Segment Start: DATASET ENTRIES
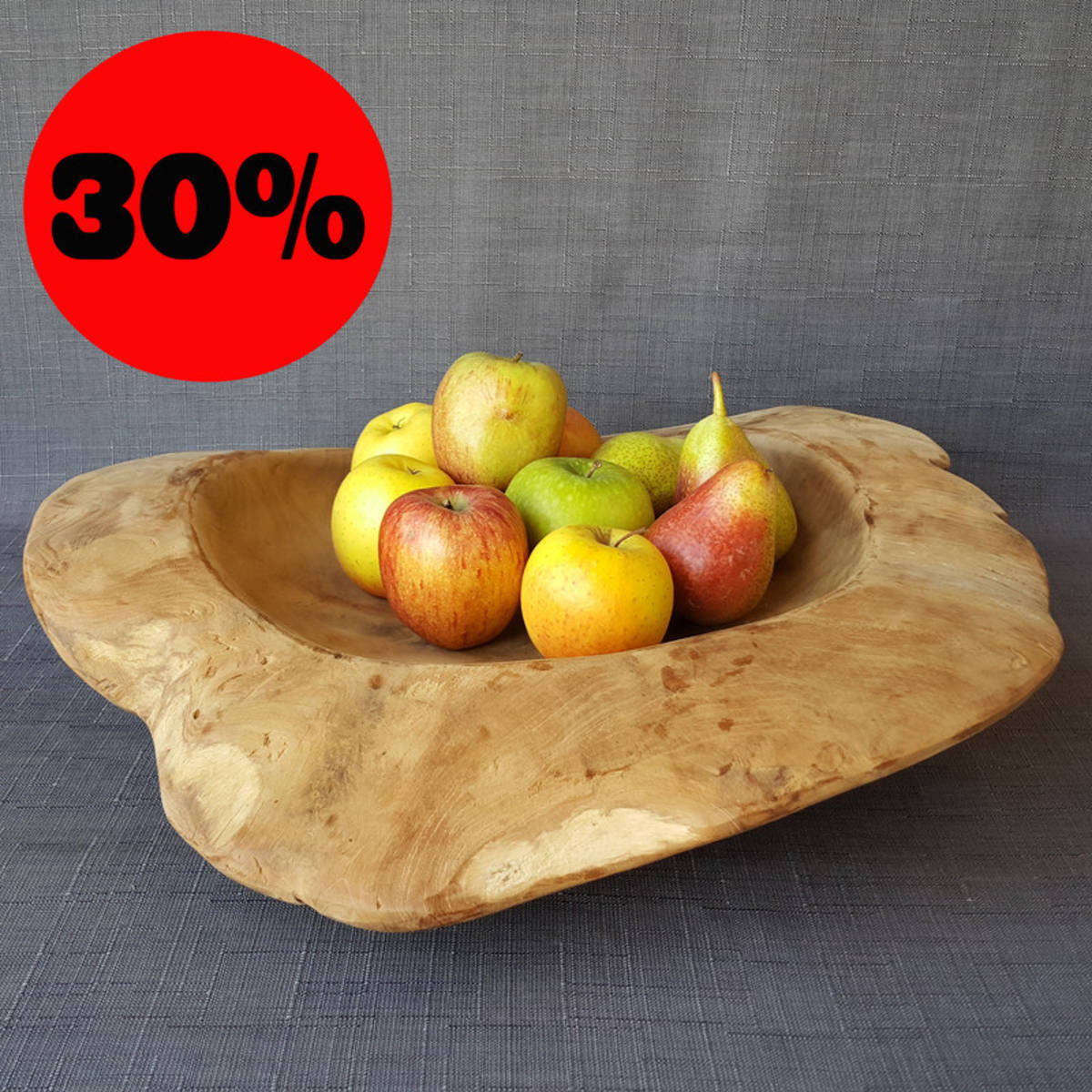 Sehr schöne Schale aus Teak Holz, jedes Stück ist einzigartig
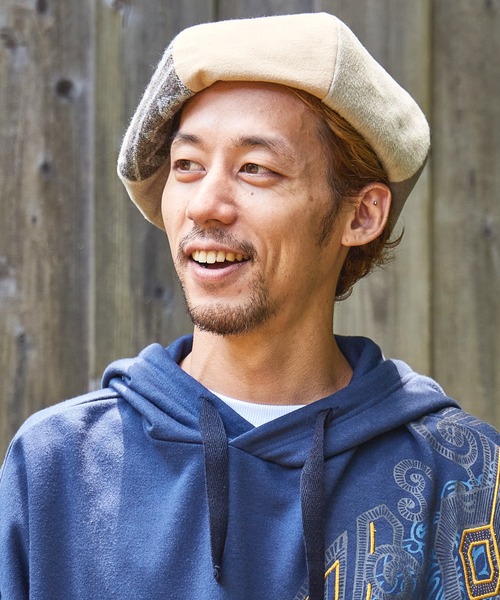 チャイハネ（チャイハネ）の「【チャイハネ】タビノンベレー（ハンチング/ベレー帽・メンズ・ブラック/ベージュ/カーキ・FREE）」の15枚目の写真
Segment End: DATASET ENTRIES
Segment Start: DATASET ENTRIES
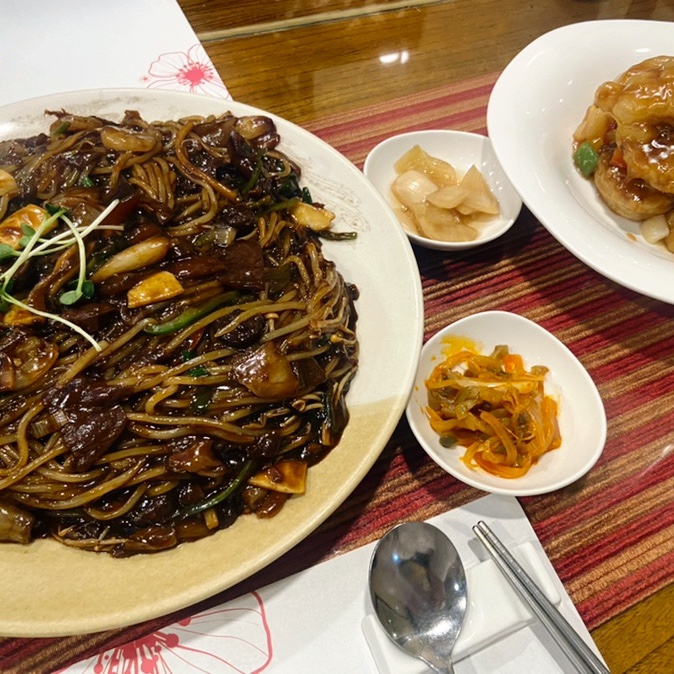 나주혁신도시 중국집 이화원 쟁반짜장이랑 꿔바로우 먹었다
Segment End: DATASET ENTRIES
ACTIVITY:
Give back exactly the lines above that run from the one with "Sehr schöne Schale" to the one with "チャイハネ（チャイハネ）の「", including both, with the pictures left out.

RESULT:
 Sehr schöne Schale aus Teak Holz, jedes Stück ist einzigartig
 チャイハネ（チャイハネ）の「【チャイハネ】タビノンベレー（ハンチング/ベレー帽・メンズ・ブラック/ベージュ/カーキ・FREE）」の15枚目の写真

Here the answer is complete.